Mecenas Zakrzewska wymienia więcej argumentów, które jej zdaniem wskazują na zamiar ewentualny. – Trzeba do oceny przyjąć czas przed wypadkiem. Wiemy przecież, jak ten kierowca się poruszał, że łamał wcześniej przepisy. Dowodami są zeznania świadków. Mamy ludzi, którzy widzieli, jak on wówczas jechał na różnych odcinkach ulicy Sokratesa. Rozwijał szaleńczą prędkość, przejeżdżając w ten sposób kilkukrotnie przejścia dla pieszych.

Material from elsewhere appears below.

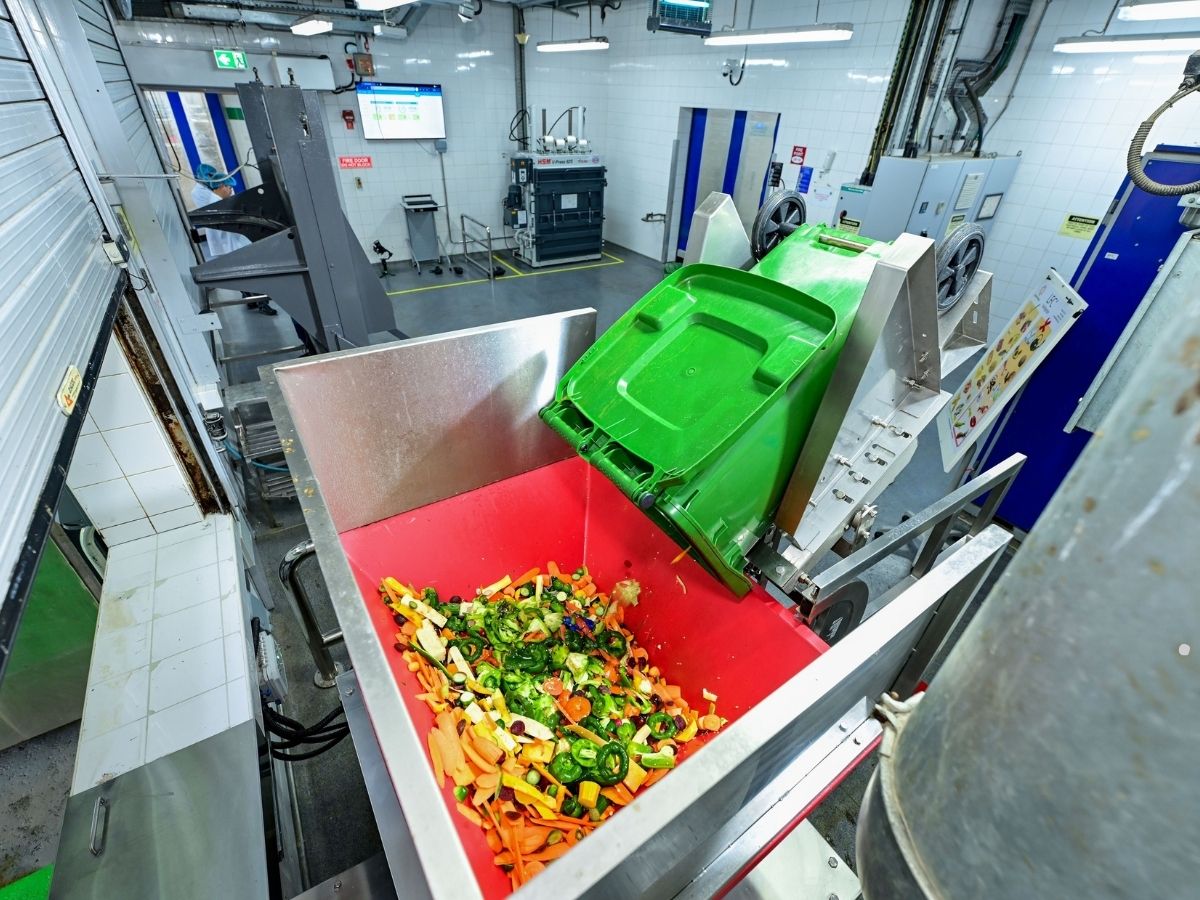 Emirates Flight Catering öezel tasarım 'Biyodigester'i devreye aldı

Wiemy, jakim autem się poruszał i że jego stan techniczny czyniło z niego narzędzie zbrodni. Gdy to wszystko zbierzemy, widać wyraźnie, że ten kierowca godził się na to, że może doprowadzić do wypadku śmiertelnego – wskazuje mec. Zakrzewska.

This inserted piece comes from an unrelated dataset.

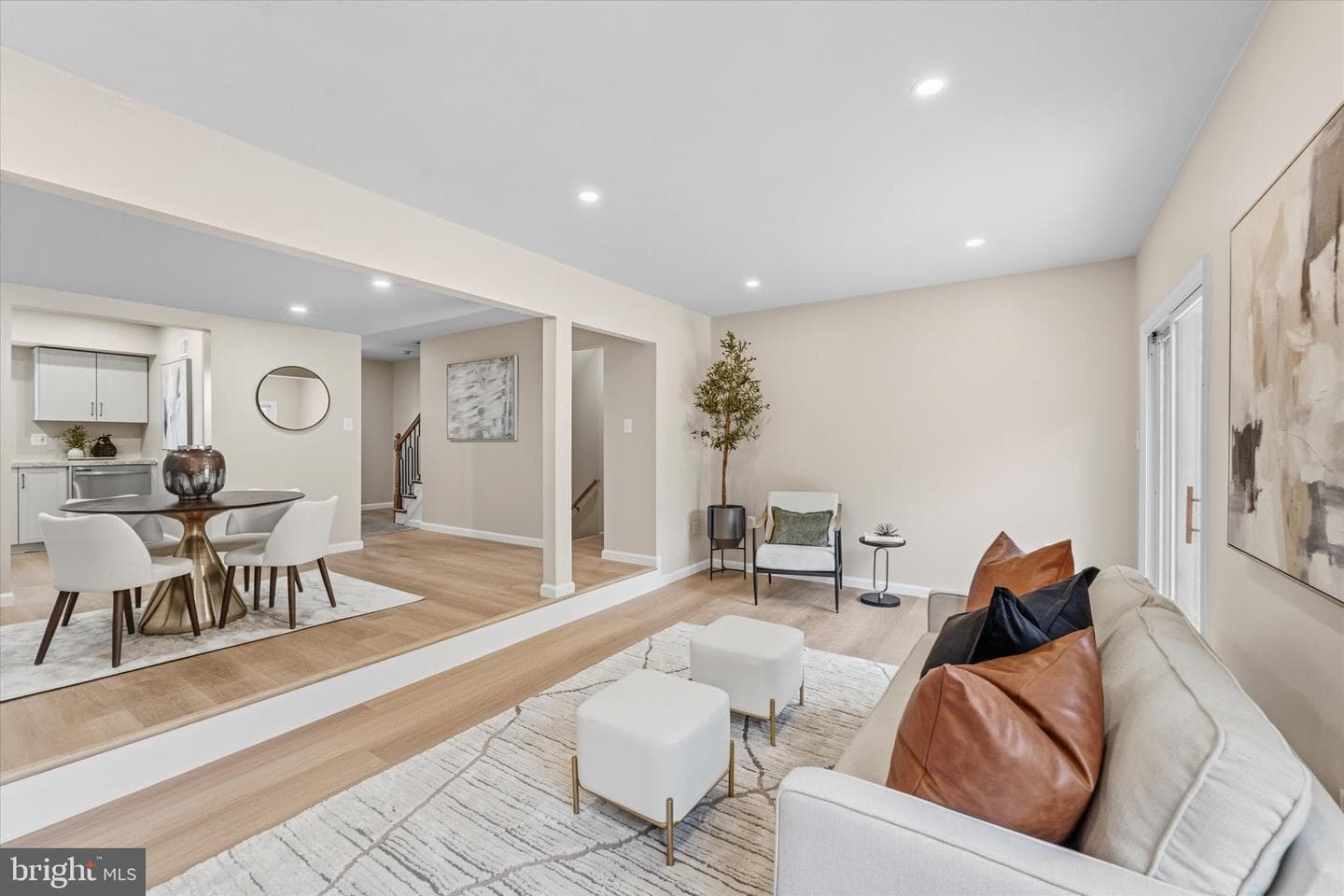 4520 Garbo Court photo 5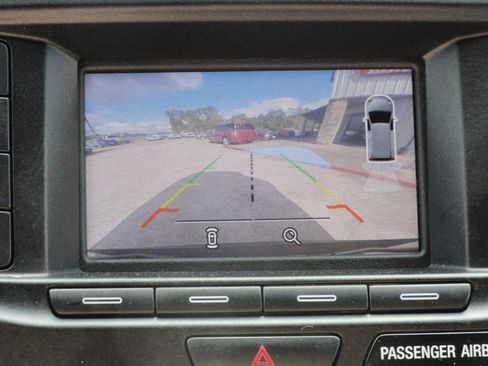 Used 2018 Ford Explorer XLT image 19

Tak samo na tę sprawę patrzył wiceminister sprawiedliwości Marcin Warchoł. Wyrok sądu okręgowego uznał za niesprawiedliwy. – Taki wyrok to fatalny sygnał dla piratów drogowych – mówił wiceminister Warchoł brd24.pl po ogłoszeniu wyroku w 2021 r. – Przypomnijmy okoliczności tego zdarzenia. To była droga osiedlowa. Tam jest mnóstwo domów, mieszka wiele rodzin, dzieci. Tam może na ulicę wyjechać dziecko rowerkiem, może wybiec za piłką, może ktoś wyjeżdżać z drogi podporządkowanej. Jeśli ktoś w takim miejscu rozpędza się do blisko 140 km/h to musi wiedzieć, że gdy będzie podejmował manewr hamowania, to po prostu nic nie zdąży zrobić i dojdzie do tragedii. I do tej tragedii tam właśnie doszło – tłumaczył i dodawał: – W tej sytuacji taki kierowca godził się z tym, co może się stać. Było mu to obojętne. A obojętność woli nazywamy właśnie zamiarem ewentualnym. Nie znajdujemy tam chęci, by popełnić celowo przestępstwo – a więc nie jest to zaplanowane zabójstwo. Nie znajdujemy też jednak chęci, by nie dopuścić do zabicia kogoś – to cechowałoby postawę lekkomyślną. Mamy stanowisko neutralne, obojętne. I ten szczególny stan to jest zamiar ewentualny. Było to zabójstwo z zamiarem ewentualnym.